Univariate analysis demonstrated that overall survival in the NOAC group was 89% at one year compared to 91.3% in the antiplatelet group, Zaidi added. “We did find that warfarin ultimately had similar outcomes as NOAC therapy but, ultimately, did not include it in the final analysis due to its decreased usage over time,” he noted. 

“Combined antiplatelet and NOAC therapy after suprainguinal bypass was associated with worse limb outcomes and patency but equivalent statistically significant survival compared to antiplatelet therapy alone,” Zaidi concluded. “NOAC use in suprainguinal bypass has typically been extrapolated from infrainguinal data and can’t be recommended for routine use based on our experience. Additional prospective investigations are required to determine the role of NOACs and optimal antithrombotic therapy after suprainguinal bypass.” 

The questioner from the floor who noted some concern over the findings asked whether the study was dealing with equivalent patients. “I’m a little concerned that, if you publish this, you’re probably not comparing apples to apples; you’re going to give the recommendation that patients shouldn’t go on [rivaroxaban], or whatever,” he said. 

In response, Zaidi explained that the message was more “to be discriminating” about “who should get NOACs, [and] who shouldn’t.” 

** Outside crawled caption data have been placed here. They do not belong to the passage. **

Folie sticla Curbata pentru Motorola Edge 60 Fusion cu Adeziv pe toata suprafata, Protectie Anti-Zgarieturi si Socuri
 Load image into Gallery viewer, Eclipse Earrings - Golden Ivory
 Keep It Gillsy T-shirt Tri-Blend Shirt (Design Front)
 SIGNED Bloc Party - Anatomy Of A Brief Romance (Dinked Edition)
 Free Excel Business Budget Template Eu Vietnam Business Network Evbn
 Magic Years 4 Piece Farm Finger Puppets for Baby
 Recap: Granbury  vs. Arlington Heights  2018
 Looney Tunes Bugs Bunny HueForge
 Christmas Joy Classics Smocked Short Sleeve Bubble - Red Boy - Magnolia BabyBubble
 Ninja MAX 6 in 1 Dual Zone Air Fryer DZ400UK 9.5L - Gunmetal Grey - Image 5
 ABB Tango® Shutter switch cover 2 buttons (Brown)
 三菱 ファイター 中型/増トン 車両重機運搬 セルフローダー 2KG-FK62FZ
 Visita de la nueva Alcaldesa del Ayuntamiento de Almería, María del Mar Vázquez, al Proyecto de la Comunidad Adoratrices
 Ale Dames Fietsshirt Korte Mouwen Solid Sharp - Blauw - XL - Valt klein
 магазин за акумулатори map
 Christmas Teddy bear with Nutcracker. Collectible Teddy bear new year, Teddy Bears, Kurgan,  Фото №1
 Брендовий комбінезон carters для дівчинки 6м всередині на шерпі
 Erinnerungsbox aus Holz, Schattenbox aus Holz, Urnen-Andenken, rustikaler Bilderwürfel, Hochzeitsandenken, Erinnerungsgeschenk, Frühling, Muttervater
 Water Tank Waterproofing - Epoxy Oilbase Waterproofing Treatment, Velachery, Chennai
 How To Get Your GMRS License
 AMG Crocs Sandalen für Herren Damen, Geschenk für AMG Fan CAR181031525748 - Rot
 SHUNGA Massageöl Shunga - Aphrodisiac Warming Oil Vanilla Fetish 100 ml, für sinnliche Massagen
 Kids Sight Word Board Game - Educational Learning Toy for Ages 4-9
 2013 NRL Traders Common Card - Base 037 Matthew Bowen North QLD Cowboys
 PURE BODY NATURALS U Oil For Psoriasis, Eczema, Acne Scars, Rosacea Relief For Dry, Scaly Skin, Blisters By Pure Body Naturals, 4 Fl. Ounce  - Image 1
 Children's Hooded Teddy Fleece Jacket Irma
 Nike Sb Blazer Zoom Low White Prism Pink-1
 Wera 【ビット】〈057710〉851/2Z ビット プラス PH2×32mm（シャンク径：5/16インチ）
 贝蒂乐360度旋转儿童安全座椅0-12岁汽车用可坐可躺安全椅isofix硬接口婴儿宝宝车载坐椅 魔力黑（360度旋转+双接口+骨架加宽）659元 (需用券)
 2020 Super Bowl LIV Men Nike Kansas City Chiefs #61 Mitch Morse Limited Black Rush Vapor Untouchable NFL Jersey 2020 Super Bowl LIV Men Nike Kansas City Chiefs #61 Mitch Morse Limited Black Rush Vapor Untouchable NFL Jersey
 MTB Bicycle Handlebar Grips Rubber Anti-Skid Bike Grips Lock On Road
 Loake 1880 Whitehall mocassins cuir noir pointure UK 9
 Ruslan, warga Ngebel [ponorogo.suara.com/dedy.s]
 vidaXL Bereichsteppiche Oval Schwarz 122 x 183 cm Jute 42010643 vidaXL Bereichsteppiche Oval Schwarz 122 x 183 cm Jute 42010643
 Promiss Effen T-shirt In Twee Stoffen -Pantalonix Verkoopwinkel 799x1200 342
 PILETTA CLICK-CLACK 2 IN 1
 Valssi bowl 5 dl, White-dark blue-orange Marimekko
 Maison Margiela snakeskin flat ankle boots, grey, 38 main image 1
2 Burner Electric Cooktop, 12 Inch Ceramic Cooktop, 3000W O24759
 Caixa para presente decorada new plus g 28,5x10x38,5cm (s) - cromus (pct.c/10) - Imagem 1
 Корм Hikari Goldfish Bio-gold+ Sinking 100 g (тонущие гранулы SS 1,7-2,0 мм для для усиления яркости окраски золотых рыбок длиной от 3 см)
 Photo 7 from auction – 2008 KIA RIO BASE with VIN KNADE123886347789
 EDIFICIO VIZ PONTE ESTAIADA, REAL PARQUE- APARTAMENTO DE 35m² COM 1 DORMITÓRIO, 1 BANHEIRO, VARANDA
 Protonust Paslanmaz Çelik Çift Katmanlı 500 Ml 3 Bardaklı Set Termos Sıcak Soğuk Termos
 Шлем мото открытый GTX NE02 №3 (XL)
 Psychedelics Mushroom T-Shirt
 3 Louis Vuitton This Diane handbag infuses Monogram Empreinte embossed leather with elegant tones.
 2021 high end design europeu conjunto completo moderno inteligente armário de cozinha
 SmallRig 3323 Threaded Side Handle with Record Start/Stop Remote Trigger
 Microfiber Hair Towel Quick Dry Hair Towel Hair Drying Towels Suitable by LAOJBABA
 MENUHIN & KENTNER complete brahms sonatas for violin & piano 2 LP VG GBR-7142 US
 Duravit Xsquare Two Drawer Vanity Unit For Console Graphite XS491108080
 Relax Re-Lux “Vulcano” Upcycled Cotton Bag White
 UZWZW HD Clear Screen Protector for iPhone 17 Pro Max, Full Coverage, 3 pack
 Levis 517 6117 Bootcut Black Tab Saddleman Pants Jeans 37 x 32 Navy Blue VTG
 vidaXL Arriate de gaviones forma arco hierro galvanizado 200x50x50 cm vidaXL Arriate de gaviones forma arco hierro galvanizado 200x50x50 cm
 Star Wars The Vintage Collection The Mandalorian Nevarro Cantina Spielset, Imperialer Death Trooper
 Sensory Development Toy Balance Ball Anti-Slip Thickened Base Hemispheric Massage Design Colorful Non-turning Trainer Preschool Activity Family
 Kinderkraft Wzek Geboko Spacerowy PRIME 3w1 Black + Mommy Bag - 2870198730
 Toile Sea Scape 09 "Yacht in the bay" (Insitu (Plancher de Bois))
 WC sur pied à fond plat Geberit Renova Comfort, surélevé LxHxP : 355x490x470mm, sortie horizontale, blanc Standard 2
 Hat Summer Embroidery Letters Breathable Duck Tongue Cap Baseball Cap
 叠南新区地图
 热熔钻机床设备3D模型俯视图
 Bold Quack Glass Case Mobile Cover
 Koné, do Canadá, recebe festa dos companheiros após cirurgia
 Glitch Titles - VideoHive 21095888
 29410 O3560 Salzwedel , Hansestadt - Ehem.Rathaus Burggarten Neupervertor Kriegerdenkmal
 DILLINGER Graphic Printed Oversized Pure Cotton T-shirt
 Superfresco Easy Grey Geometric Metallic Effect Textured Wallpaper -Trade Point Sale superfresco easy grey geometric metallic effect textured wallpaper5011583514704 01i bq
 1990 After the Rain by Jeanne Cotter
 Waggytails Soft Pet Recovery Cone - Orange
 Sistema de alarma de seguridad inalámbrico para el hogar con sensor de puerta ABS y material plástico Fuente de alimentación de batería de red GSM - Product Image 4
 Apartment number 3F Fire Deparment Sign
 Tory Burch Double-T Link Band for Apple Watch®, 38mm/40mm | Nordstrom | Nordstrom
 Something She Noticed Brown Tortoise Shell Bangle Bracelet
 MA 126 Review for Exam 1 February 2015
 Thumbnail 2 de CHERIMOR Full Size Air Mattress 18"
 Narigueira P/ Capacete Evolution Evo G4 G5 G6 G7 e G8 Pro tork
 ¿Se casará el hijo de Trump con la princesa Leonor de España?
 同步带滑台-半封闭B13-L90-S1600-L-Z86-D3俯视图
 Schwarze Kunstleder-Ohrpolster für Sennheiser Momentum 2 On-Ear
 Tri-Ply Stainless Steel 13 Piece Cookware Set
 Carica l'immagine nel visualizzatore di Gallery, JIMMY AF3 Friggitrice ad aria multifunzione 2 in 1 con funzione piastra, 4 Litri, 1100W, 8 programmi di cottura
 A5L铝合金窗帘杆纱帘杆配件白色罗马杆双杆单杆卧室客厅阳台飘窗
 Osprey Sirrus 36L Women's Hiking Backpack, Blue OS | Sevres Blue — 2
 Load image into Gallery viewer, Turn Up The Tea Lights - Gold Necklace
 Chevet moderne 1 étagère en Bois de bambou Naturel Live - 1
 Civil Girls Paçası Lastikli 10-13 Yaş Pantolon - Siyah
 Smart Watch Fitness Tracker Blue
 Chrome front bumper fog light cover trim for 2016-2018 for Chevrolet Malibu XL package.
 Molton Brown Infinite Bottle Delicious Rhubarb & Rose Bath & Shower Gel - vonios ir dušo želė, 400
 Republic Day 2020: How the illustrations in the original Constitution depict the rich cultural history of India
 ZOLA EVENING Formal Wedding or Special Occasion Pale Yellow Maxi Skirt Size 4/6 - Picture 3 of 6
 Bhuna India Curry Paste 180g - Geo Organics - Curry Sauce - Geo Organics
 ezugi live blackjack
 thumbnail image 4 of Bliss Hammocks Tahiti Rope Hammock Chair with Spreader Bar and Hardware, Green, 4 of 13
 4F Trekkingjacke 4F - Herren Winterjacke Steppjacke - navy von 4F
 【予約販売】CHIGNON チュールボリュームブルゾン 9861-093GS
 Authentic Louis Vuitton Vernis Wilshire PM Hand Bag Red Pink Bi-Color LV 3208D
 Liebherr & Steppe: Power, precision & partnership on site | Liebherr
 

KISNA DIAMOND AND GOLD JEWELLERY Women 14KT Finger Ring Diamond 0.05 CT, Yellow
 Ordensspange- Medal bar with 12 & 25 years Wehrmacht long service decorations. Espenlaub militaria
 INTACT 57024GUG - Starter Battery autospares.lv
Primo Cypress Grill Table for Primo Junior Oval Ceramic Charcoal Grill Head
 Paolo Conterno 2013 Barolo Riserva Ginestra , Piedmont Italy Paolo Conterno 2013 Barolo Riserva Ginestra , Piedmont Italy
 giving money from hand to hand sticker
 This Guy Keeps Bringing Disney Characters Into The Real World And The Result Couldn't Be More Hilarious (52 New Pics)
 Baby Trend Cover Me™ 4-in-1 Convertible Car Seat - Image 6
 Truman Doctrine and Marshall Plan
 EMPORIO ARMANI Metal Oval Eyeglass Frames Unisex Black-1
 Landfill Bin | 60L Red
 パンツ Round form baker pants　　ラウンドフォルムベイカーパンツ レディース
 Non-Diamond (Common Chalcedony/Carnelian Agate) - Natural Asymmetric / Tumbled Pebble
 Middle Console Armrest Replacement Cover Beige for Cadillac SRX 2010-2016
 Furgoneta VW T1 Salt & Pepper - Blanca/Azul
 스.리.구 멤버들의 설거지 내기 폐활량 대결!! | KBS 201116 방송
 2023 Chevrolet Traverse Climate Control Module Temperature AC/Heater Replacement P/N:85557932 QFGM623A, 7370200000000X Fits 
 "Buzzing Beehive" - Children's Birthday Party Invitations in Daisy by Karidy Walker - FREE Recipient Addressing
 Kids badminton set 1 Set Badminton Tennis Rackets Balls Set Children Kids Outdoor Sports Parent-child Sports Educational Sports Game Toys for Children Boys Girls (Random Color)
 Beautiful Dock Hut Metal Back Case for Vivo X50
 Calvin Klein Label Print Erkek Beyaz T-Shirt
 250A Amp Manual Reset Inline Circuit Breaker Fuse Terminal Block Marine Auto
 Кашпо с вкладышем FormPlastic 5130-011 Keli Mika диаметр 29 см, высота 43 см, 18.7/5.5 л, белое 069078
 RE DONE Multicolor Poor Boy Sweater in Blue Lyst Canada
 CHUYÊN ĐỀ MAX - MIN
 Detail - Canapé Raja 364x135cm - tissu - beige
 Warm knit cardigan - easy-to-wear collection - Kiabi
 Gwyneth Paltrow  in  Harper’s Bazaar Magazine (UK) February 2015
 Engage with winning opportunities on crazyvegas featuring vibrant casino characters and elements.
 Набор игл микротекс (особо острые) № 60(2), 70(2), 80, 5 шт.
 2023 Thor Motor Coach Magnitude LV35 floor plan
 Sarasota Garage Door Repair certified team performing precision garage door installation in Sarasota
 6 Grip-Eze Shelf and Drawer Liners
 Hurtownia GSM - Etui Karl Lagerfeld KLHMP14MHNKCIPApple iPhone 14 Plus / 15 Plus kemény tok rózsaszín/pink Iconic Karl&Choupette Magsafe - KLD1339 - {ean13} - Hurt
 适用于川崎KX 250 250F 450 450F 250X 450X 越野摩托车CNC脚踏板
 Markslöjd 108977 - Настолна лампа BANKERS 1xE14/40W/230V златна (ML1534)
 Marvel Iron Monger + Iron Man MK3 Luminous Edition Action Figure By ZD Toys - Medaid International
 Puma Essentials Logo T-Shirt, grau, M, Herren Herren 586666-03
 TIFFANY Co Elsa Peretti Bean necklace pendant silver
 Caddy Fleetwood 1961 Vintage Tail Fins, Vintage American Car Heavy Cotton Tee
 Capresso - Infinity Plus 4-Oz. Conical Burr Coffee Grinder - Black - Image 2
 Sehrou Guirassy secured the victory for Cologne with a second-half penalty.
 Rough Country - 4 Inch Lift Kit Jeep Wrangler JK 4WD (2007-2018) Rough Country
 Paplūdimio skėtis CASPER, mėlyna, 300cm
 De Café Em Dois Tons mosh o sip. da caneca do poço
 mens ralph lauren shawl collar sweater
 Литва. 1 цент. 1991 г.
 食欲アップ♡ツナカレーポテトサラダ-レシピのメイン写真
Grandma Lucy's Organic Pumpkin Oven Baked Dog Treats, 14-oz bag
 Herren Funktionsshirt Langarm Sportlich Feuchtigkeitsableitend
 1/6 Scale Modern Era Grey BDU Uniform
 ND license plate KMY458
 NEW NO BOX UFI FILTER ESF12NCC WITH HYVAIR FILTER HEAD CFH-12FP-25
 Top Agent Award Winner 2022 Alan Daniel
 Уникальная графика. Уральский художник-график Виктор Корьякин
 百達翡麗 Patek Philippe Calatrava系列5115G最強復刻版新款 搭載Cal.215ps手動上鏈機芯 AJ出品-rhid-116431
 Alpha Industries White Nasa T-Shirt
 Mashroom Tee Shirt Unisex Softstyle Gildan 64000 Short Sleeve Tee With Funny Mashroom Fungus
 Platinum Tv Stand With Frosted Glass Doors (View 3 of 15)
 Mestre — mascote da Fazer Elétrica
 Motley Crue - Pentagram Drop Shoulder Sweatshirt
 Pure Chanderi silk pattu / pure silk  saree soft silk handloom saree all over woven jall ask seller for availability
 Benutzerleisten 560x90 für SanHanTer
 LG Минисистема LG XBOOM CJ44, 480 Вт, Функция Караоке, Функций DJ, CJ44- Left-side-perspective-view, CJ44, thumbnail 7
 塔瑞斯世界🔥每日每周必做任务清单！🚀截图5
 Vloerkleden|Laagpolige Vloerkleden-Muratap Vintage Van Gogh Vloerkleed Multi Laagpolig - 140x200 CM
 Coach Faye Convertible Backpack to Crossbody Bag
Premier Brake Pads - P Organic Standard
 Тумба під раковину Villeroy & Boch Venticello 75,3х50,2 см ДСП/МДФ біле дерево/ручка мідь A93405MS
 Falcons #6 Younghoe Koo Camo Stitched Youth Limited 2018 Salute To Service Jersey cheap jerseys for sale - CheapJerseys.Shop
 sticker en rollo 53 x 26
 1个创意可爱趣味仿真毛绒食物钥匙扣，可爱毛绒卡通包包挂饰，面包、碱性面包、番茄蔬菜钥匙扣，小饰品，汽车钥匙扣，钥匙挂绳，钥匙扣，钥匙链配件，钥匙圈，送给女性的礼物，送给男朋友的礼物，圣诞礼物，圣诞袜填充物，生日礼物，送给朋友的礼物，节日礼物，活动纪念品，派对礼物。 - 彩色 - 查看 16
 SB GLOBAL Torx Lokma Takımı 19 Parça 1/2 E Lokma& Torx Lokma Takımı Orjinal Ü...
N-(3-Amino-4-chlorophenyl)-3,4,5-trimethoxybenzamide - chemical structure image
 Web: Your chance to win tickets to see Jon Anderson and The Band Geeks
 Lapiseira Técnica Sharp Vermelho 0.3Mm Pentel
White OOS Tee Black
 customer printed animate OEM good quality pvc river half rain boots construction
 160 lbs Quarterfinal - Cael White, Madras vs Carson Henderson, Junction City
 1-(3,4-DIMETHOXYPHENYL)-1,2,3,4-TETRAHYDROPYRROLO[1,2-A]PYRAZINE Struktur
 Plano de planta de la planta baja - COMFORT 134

Rising from the audience to explain further, senior author Robinson said he wanted to add some caveats. “We do know NOACs are being used a lot, and we don’t have a lot of data for their use. You bring up a lot of good points: Certainly, we can’t identify hypercoagulant states. Do we know every anatomic aspect of these patients in the VQI? No … 

“There is a fair bit of data you can control for, and I think using both propensity score matching and pretty aggressive multivariate analysis within that—you can’t do much better shy of a randomized trial is the bottom line. If you look at the randomized trials, we actually don’t have any of that information either.” 

Expanding on where the study might lead, Robinson added, “I do think [this study] adds a little bit, mostly being that it’s hypothesis-generating.”